(Problem) Please repeat, exactly and without pictures, the lines of the entries below that run from the one containing "Chemise de vacances" through the one containing "Woman in white".

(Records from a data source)
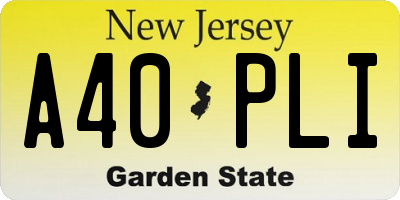 NJ license plate A40PLI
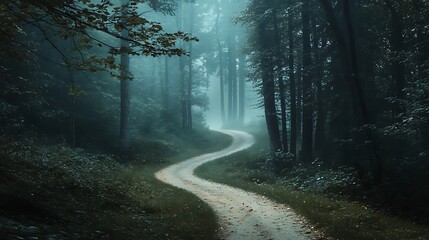 Fototapeta premium Winding path through a mystical, misty forest.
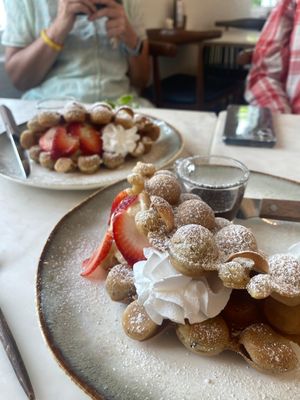 Strawberry waffles at Kappra Cafe in Bangkok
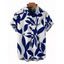 Chemise de vacances pour homme à motif de feuilles - Bleu 5XL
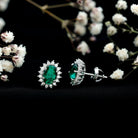 Lab Created Emerald Oval Stud Earrings with Moissanite Halo AAAA - Rosec Jewels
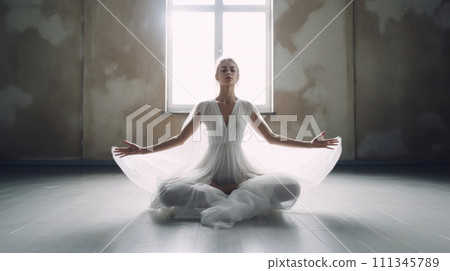 Woman in white dress meditating in sunlit room.. AI-generated item 111345789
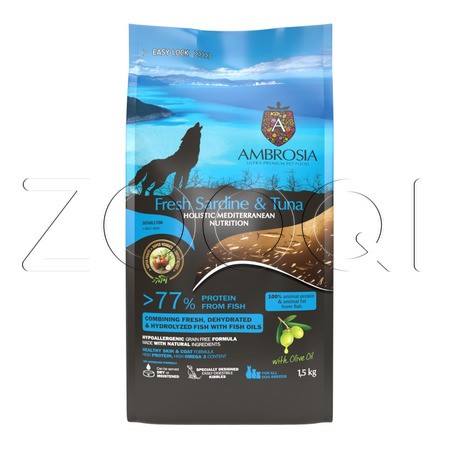 Ambrosia Mediterranean Diet Fresh Sardine & Tuna для взрослых собак всех пород (сардина, тунец)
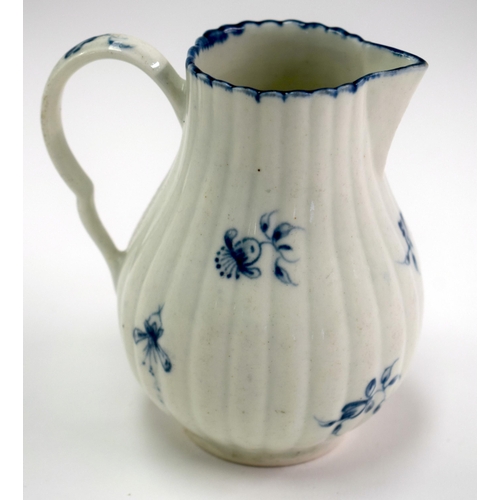 142 - 18th century Worcester fluted jug painted with the Gilliflower pattern. 10.5cm high
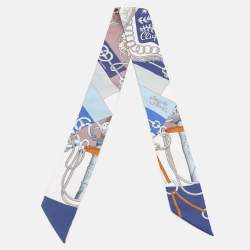 مملوكة مسبقًا Hermès Blue Cliquetis Silk Twilly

(Your solution)
 Chemise de vacances pour homme à motif de feuilles - Bleu 5XL
 Lab Created Emerald Oval Stud Earrings with Moissanite Halo AAAA - Rosec Jewels
 Woman in white dress meditating in sunlit room.. AI-generated item 111345789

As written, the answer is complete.